Volunteering may be a way to train oneself effectively to help others, by using social pleasure and cohesiveness. Some people are just not motivated enough by sending a check and imagining the rest; you can tell them to “separate utilons and hedons” all you want, but if the actual result is that they’ll stop donating, it may be better to volunteer.
Visible volunteering work is much more effective at drawing others to charitable causes than hired workforce performing the same work.
Finally, your particular arguments are sometimes poor, as is typical for arguments chosen for a precommitted bottom line. For example:
An unconvincing zero-sum assumption (who said we’re anywhere near close the “certain point”?). Also, hello, by urging people to consider e.g. GiveWell’s recommendations, this is exactly what you’re doing!
If it’s not net helpful to the nonprofit, they will not accept the volunteers.
Thanks for the thoughtful comment. As with all articles that I’ve posted from Cognito Mentoring, part of my purpose in posting is to solicit feedback, both on the content and on the presentation.
The article was written with an assumption that the reader would have been exposed to the basic arguments in favor of volunteering ahead of time, which accounts for the imbalance.
Thanks, this is good information, I’ll think about rewriting it along the lines that you suggest.
To be clear, I don’t necessarily think that donating is more valuable than volunteering in a given instance, or maybe even generically. I expect volunteering to be more valuable than donating for many of our readers. Note that in the “what to do?” section I don’t suggest that the reader donate. I’ll try to make the article more clear.
Your points are strong, and I’ll add them.
Charitable giving in the US has allegedly been fixed at 2% for the past 40 years despite an increase in fundraising.

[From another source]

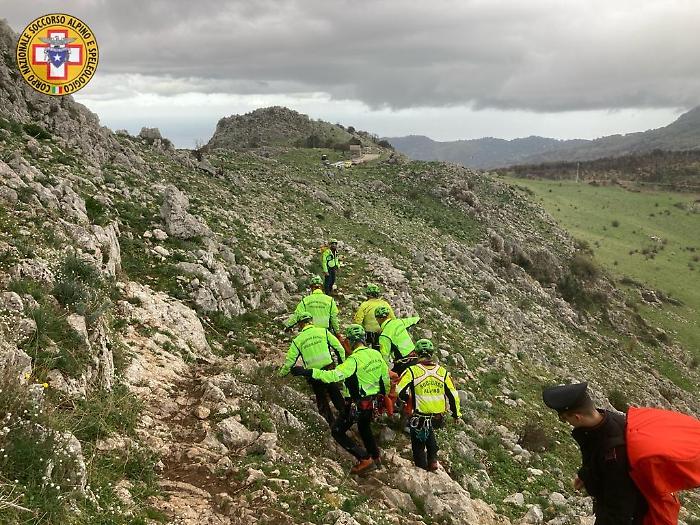 Tecnici del Cnsas recuperano cadavere di un pastore a Gratteri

It could be that the rate would decrease if marginal fundraisers stopped fundraising, but there’s a genuine possibility that people’s willingness to give has been saturated in general.
There’s no contradiction here; if philanthropic opportunity A is better than philanthropic opportunity B, then convincing people to take opportunity A rather than B is net positive, even though there’s a negative effect.
It’s helpful to the nonprofit on net, but the value that the volunteers add is less than the value of their labor – it can be arbitrarily close to zero as long as it’s positive.
Then you should definitely mention that, so the reader knows to expect the one-sidedness upfront.
Yes, but you advising people to donate to a nonprofit and someone “fundraising for a nonprofit” is essentially the same activity. You do it because it can be net positive, but then you criticize someone else doing it because “it can hurt other nonprofits”, without mentioning the net positive thing in that case.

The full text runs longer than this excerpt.